On Fri, Sep 8, 2017 at 10:51 AM, Andy Blunden <ablunden@mira.net
ablunden@mira.net>> wrote:

      "Andy added the notion that experts need basically to
      be able to agree reliably on examples of the unit" ?
      Researchers need to be clear about the unit of
      analysis each of them are using and of course,
      collaboration is much easier if you are all using the
      same unit of analysis. Exemplars are a way of
      substantiating a concept while a concept remains
      unclear or diverse, just like lists of attributes and
      definitions - all of which still fall short of a
      concept. To grasp the concept of something, like "unit
      of analysis," you have to know the narrative in which
      the concept is situated. Narrative knowledge and
      conceptual knowledge are mutually interdependent. The
      first three chapters of the story of "unit of
      analysis" as I see it are in my paper "Goethe, Hegel &
      Marx" to be published in "Science & Society" next
      - Vygotsky is the 4th chapter.

      "What makes water not an element, but a compound, are
      the relations between the subunits" ?
      The idea of a water molecule pre-dates he discovery of
      its composition as H2O and all the chemical properties
      related to that. As David suggested, it is the much
      more ancient knowledge of the "water cycle" - rain,
      snow, hail and fog ... run-off, streams, rivers, lakes
      ... seas, oceans ... vapour, steam ... - which is
      expressed in the idea of a "water molecule" - a tiny
      particle which all these things are made of, but which
      combines in different forms of movement to give us the
      various physical forms of what is all water. It is an
      unfortunate choice for a archetypal example, because
      it appears to contradict my claim that the concept of
      the unit must be visceral. The water molecule is so
      small it can be held in the hand, tossed around and
      stacked together only in the imagination. Nonetheless,
      like with metaphors, it is our visceral knowledge of
      particles (stones, pieces of bread, household objects,
      etc) which makes the concept of a "water molecule"
      something real to us, whose manifold physical
      properties arising from its V-shape, and its
      electrical stickiness, are meaningful. This contrasts
      with the 18th/19th century idea of "forces" and
      "fields" which are intangibles (though of course we
      find ways of grasping them viscerally nonetheless).

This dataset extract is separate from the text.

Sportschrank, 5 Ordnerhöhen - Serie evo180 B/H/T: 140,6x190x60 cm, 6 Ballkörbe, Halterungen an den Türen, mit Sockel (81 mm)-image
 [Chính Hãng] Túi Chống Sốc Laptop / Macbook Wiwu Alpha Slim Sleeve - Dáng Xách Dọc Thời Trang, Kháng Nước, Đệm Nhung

      Different phenomena are grasped by the way one and the
      same units aggregate. The unit relates to the range of
      phenomena it unifies. Different insights are provided
      by different units, *not necessarily in a hierarchy*.
      But a hierarchy of units and in particular the
      micro/macro pair are a theme which runs right through
      this narrative, the micro in some way "explaining" the
      macro which in turn explains the main phenomena:
      cell/organism, atom/molecule, commodity/capital, word
      meaning/utterance, artefact-mediated action/activity,
      etc. I am interested in this micro/macro relation but
      personally (despite my interest in Hegel) I am not a
      fan of trying to systematise the world with a
      "complete set" of units. Just one unit gives us an
      entire science. Let's not get too carried away. :)

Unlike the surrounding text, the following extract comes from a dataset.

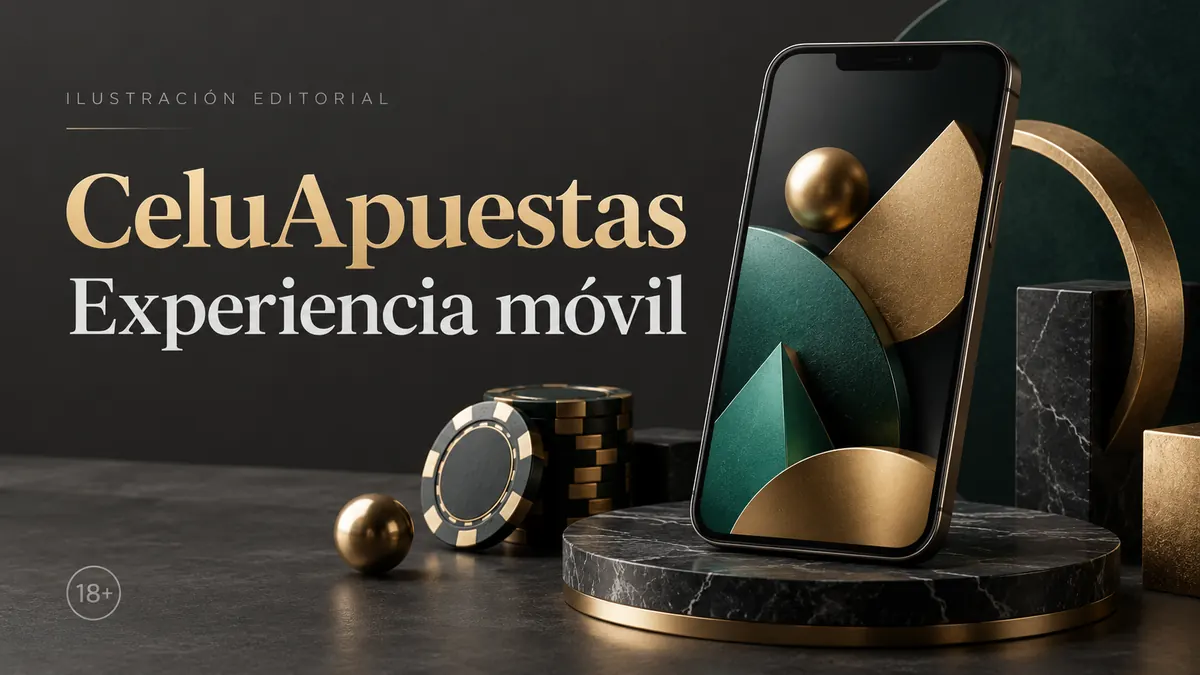 CeluApuestas en el celular: funciona desde el navegador, la app es opcional. Ilustración editorial.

      I hold the view, with A N Leontyev, that *Activities
      are composed of artefact-mediated actions and nothing
      else*. Any move away from this destroys the
      ontological foundation and takes us into metaphysics.
      If it is not an artefact-mediated action or aggregate
      of such actions, what the hell is it???


      Andy Blunden
      On 8/09/2017 3:41 AM, David Dirlam wrote:

          The issues that have arisen in this discussion
          clarify the conception of what sort of entity a
          "unit" is. Both and Andy and Martin stress the
          importance of the observer. Anyone with some
          experience should have some sense of it (Martin's
          point). But Andy added the notion that experts
          need basically to be able to agree reliably on
          examples of the unit (worded like the
          psychological researcher I am, but I'm sure Andy
          will correct me if I missed his meaning).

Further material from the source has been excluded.